Open aarmstrong78 opened 4 years ago
Actually, I get the same error just trying to run distilbert-onnx-coreml.py unchanged. I had to update the "target_ios" param to "minimum_ios_deployment_target" to get the script to run, so perhaps the script isn't compatible with the current version of coremltools?
Quantizing layer 783
Quantizing layer 798
Quantizing layer 809
Quantizing layer 824
––––––
---------------------------------------------------------------------------
RuntimeError Traceback (most recent call last)
<ipython-input-12-0d553d8b37ca> in <module>
36
37 pred_coreml = mlmodel.predict(
---> 38 {"input_ids": input_ids.astype(np.float32)}, useCPUOnly=True
39 )
40
~/anaconda3/lib/python3.7/site-packages/coremltools/models/model.py in predict(self, data, useCPUOnly, **kwargs)
328
329 if self.__proxy__:
--> 330 return self.__proxy__.predict(data, useCPUOnly)
331 else:
332 if _macos_version() < (10, 13):
RuntimeError: {
NSLocalizedDescription = "Error computing NN outputs.";
}
That’s very possible.
What versions of XCode and Mac OS are you running?
Do you get the same error on an iOS device?
MacOS 10.15.2 and Xcode Version 11.3 (11C29).
Running on an Xcode simulator I go the same error on my custom model with a bit more detail: "Cannot squeeze a dimension whose value is not 1", with the relevant dimension being 64. So somehow the shape was wrong when it got to that operation.
In the interim I've moved on to translating the model from a TF version directly to coreml using tfcoreml.
@aarmstrong78 Did you ever solve this problem? I have the same error message (Cannot squeeze a dimension whose value is not 1
) from BERT running in CoreML (via ONNX).

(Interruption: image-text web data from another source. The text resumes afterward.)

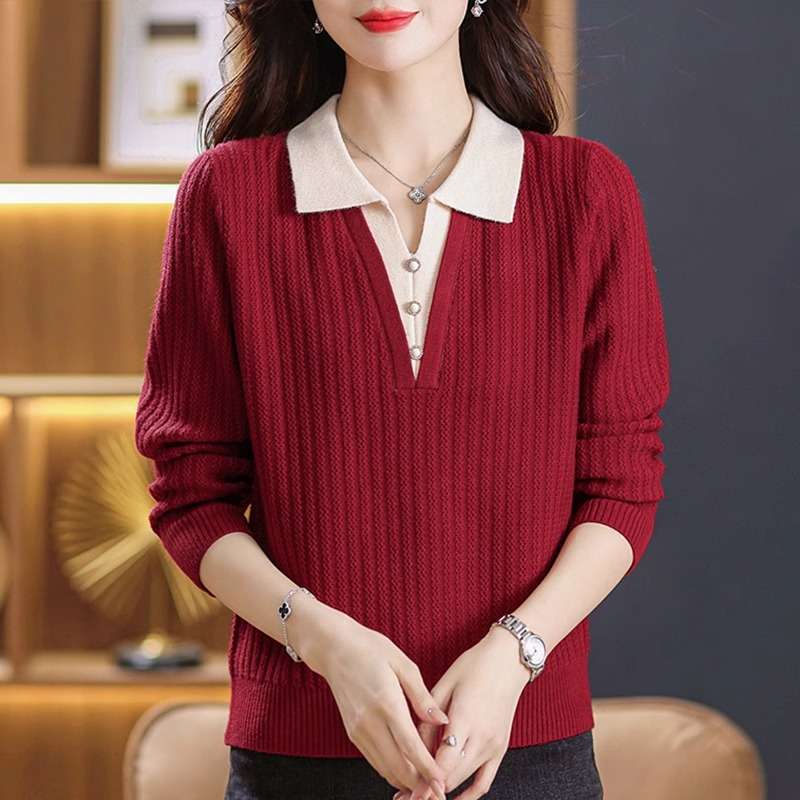 2in 1 Colorblock Collared Knitted Pullover, Casual Long Sleeve Button Front Top for Spring & Fall, Women's Clothing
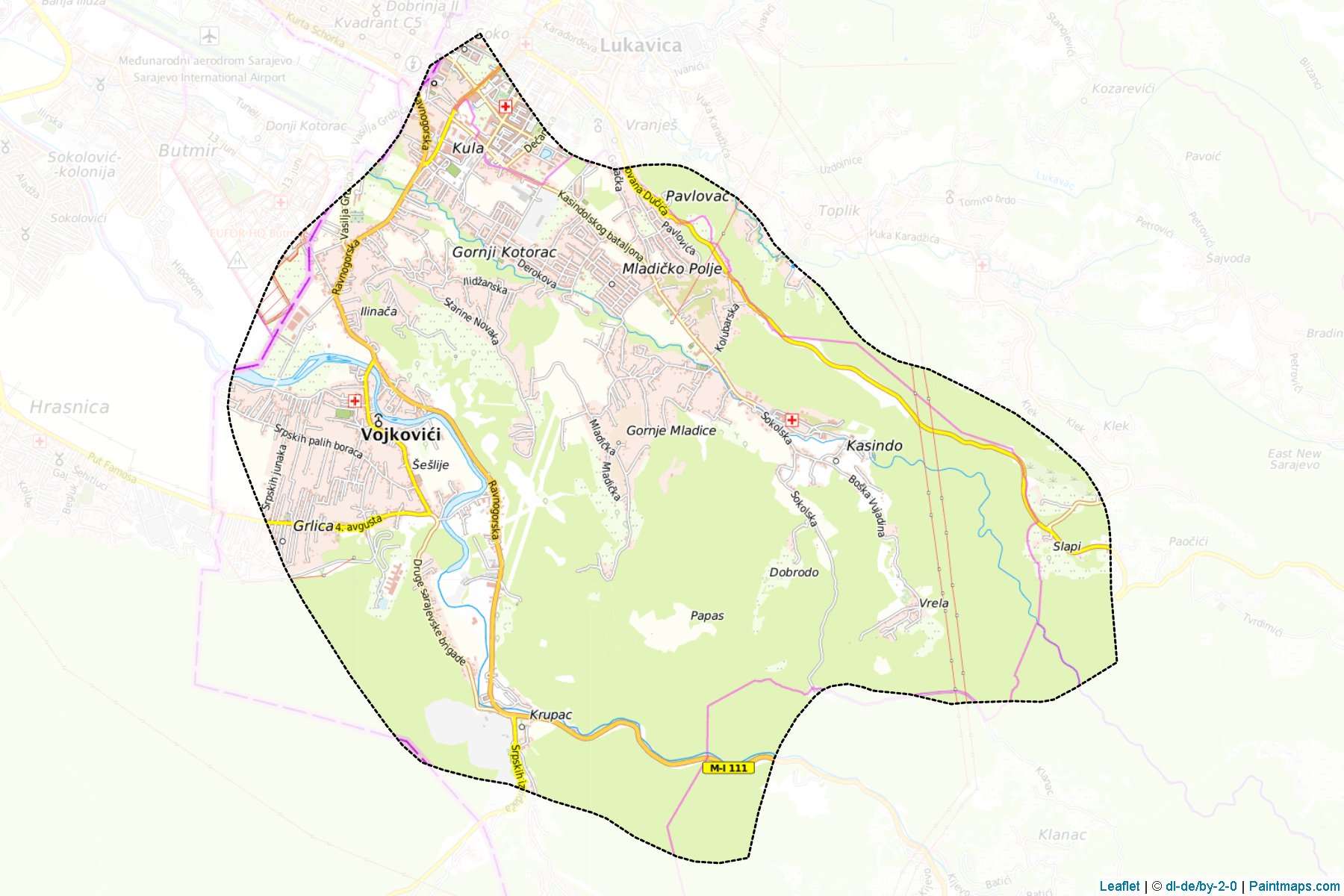 Ilidza / Srpska Ilidza (Republic of Srpska) Map Cropping Samples-1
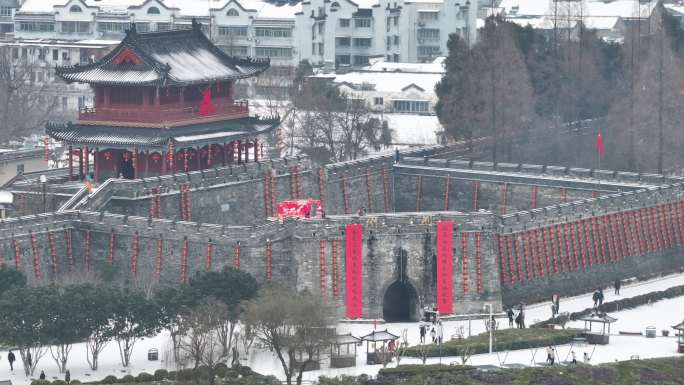 荆州古城2024年第一场雪城市雪景航拍3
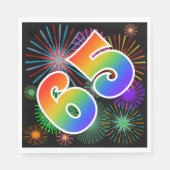 Kleurrijk vuurwerk + regenboogpatroon "65" Event # Servet (Voorkant)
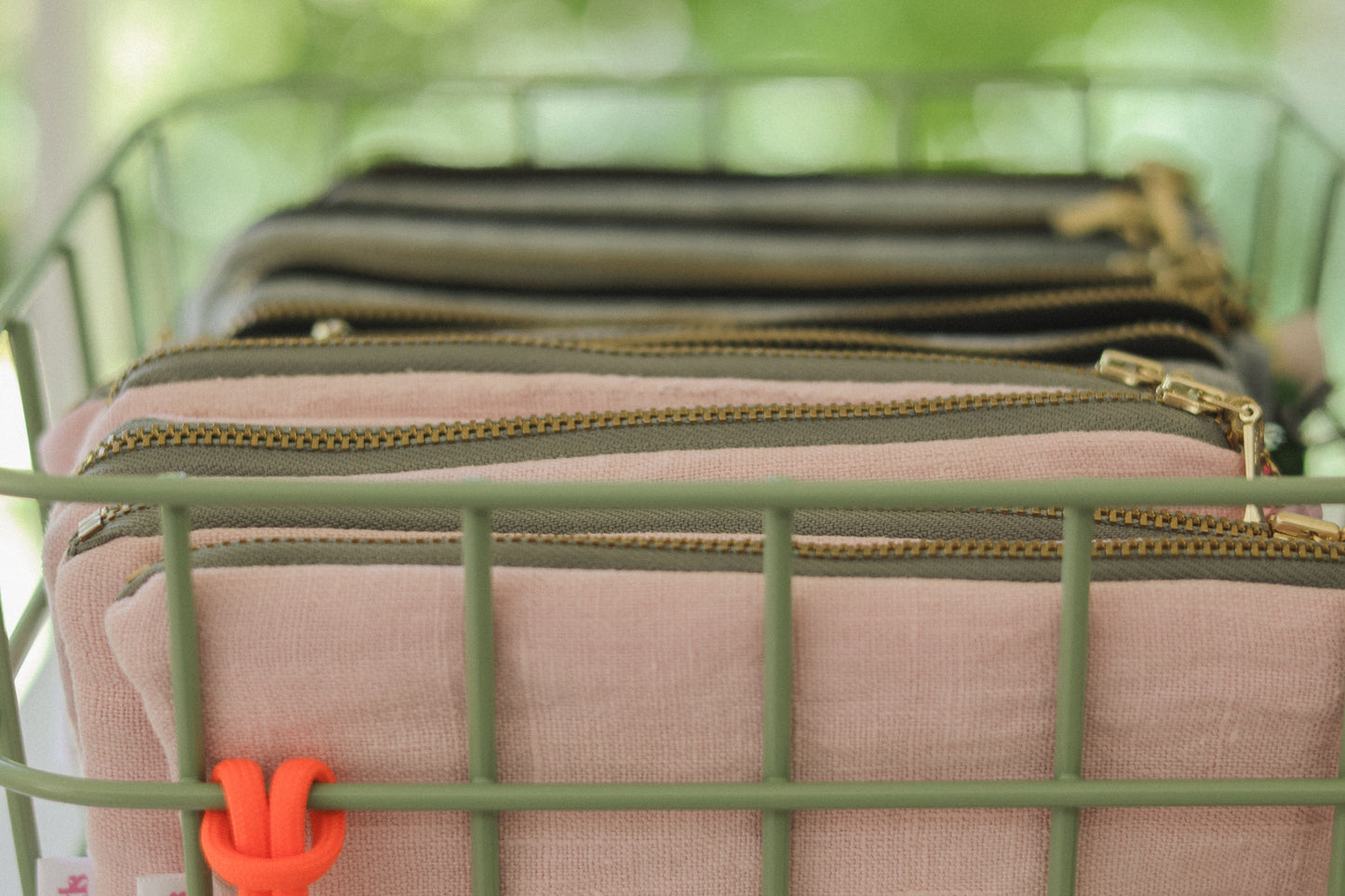 Pale pink or dove grey make-up pouch with Liberty lining and charms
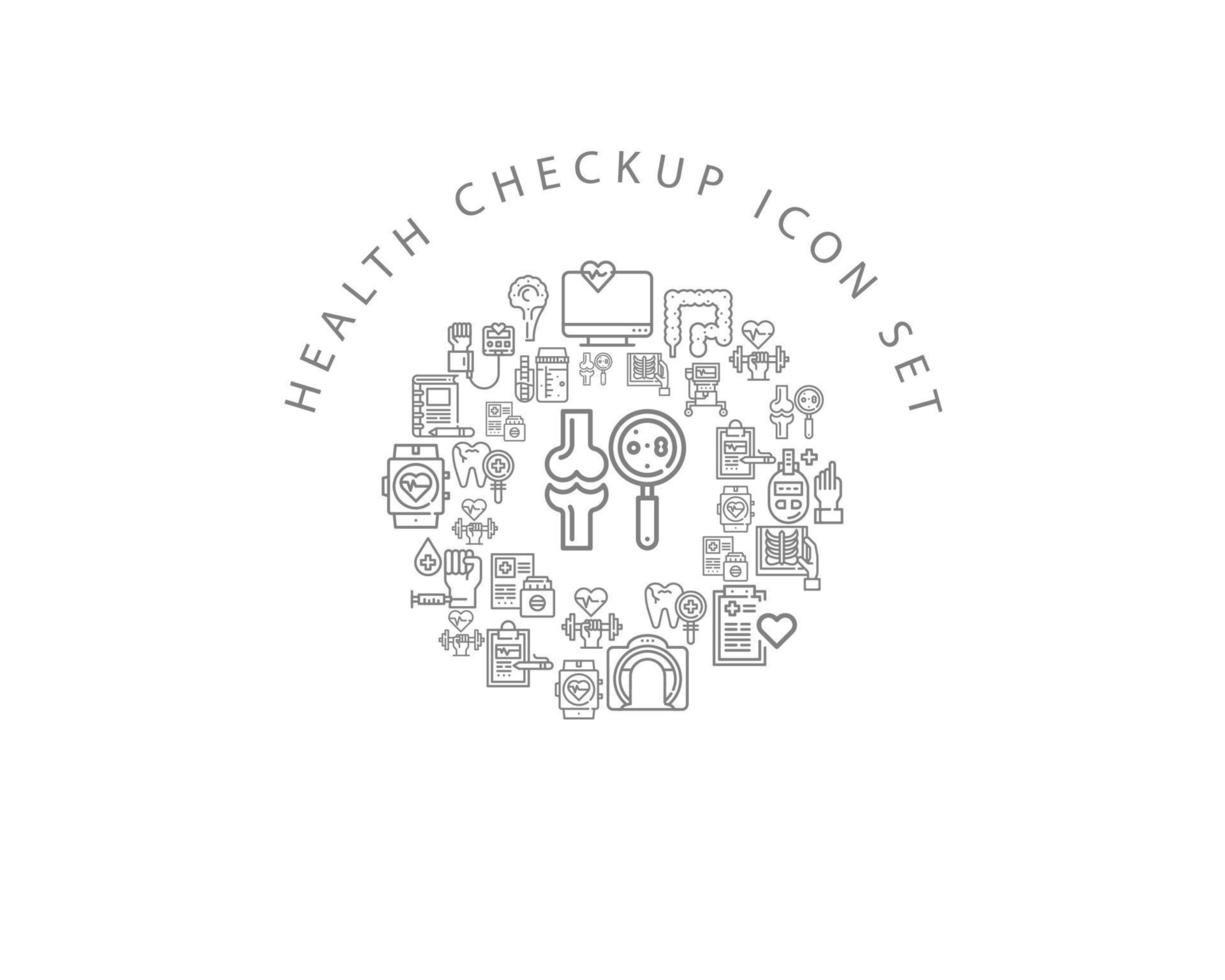 health checkup icon set design on white background vector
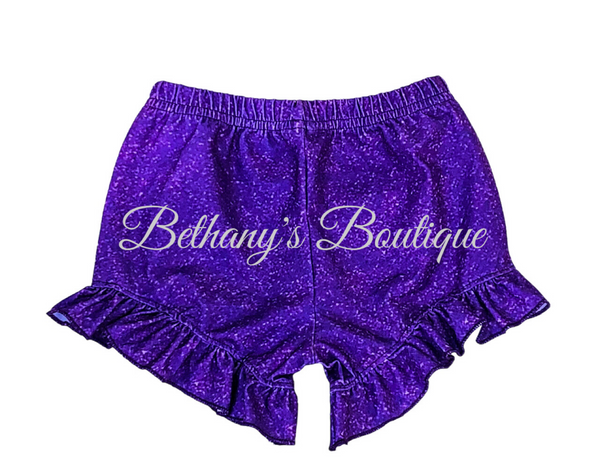 Purple sparkle ruffle shorts
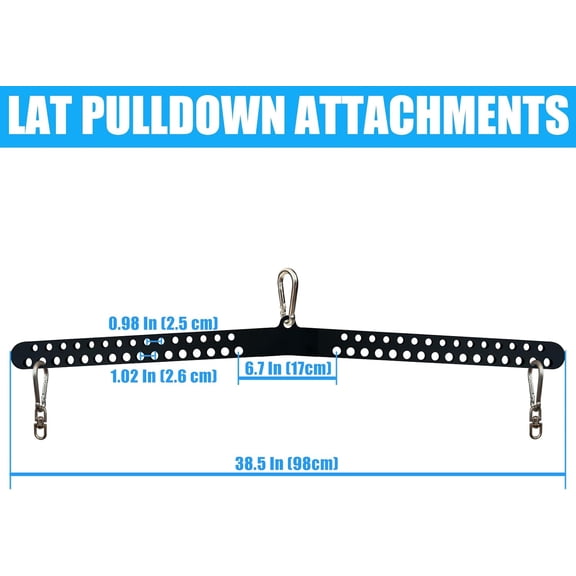 Multi-Grip LAT Pull Down Bar for Home Gym Fitness, Spreader Plate LAT Pulldown Attachments for Pulley System Cable Machine, Double to Single Cable Attachment Exercise Handle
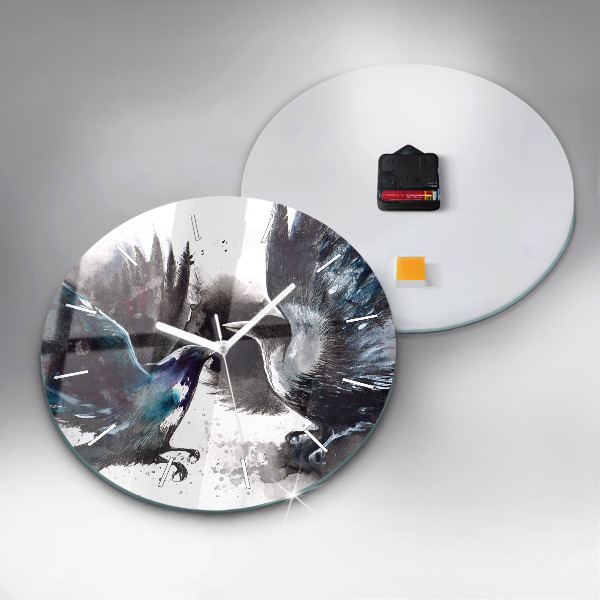 Kulaté skleněné hodiny s fotkou Malovaní ptáci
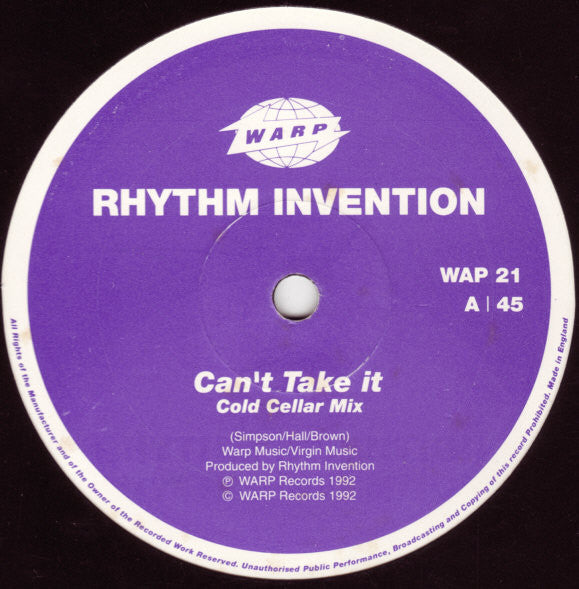 Rhythm Invention - Can't Take It - 12 Inch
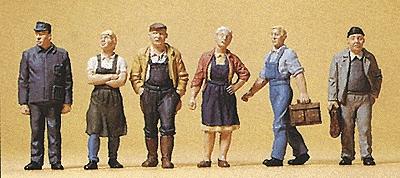 Preiser Pedestrians Village Workers (6) Model Railroad Figures HO Scale #10472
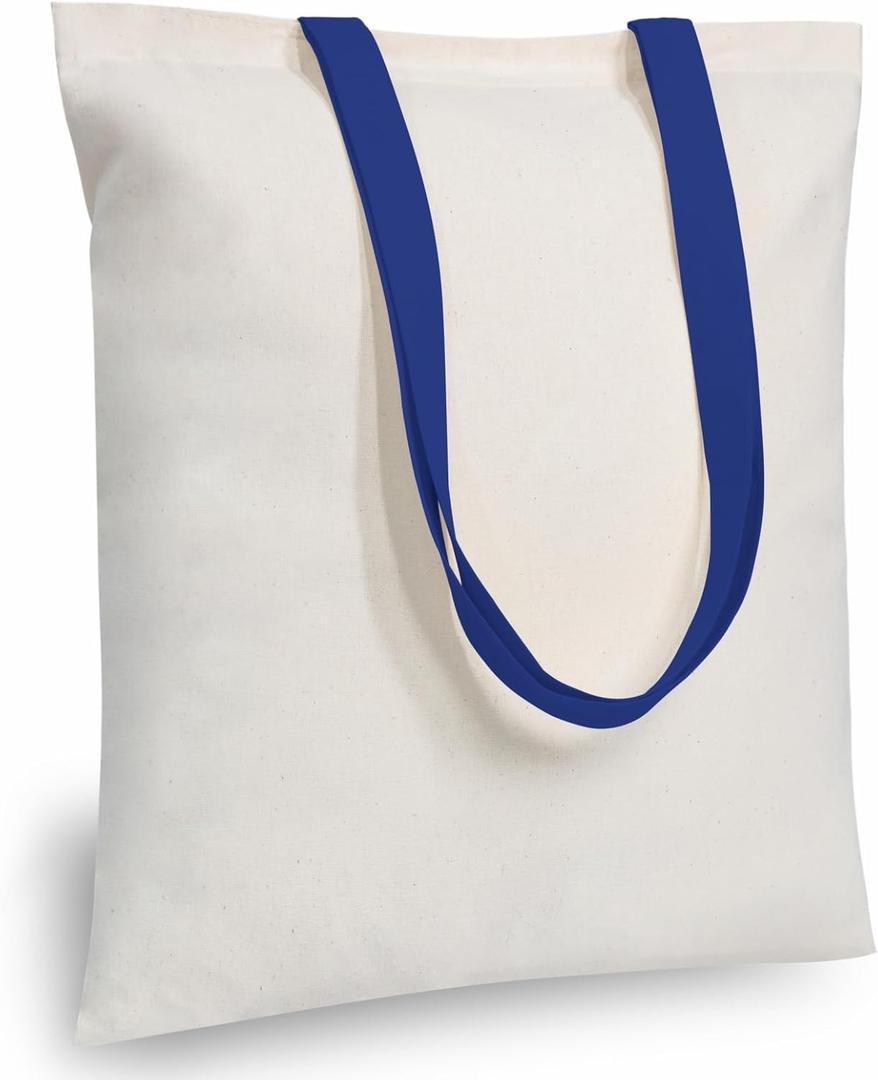 TOPDesign 12-Pack Economical 16"x15" Cotton Tote Bag, Lightweight Medium Reusable Grocery Shopping Cloth Bags, Suitable for DIY, Advertising, Promotion, Gift, Activity (Blue/Natural)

Hi @jbmaxwell , no I didn't. After a lot of effort managed to get the TensorFlow version of Bert to convert into CoreML instead.
Just as an update, the model I was using above was based on the Pytorch-pretrianed-BERT repo, so I tried the huggingface distilBert model, but I get exactly the same error. (It's seeming like the problem is coming from onnx.)
Another update on my Cannot squeeze
error; I'm training BertForMaskedLM, which, looking at the code, shouldn't have any squeeze
calls in it—BertForQuestionAnswering, however, does call squeeze
. So I'm guessing that, for whatever reason, the model being saved (or converted by onnx) is the BertForQuestionAnswering one. Any obvious reason why that might be?
If you can share the mlmodel file with the error, I can take a look.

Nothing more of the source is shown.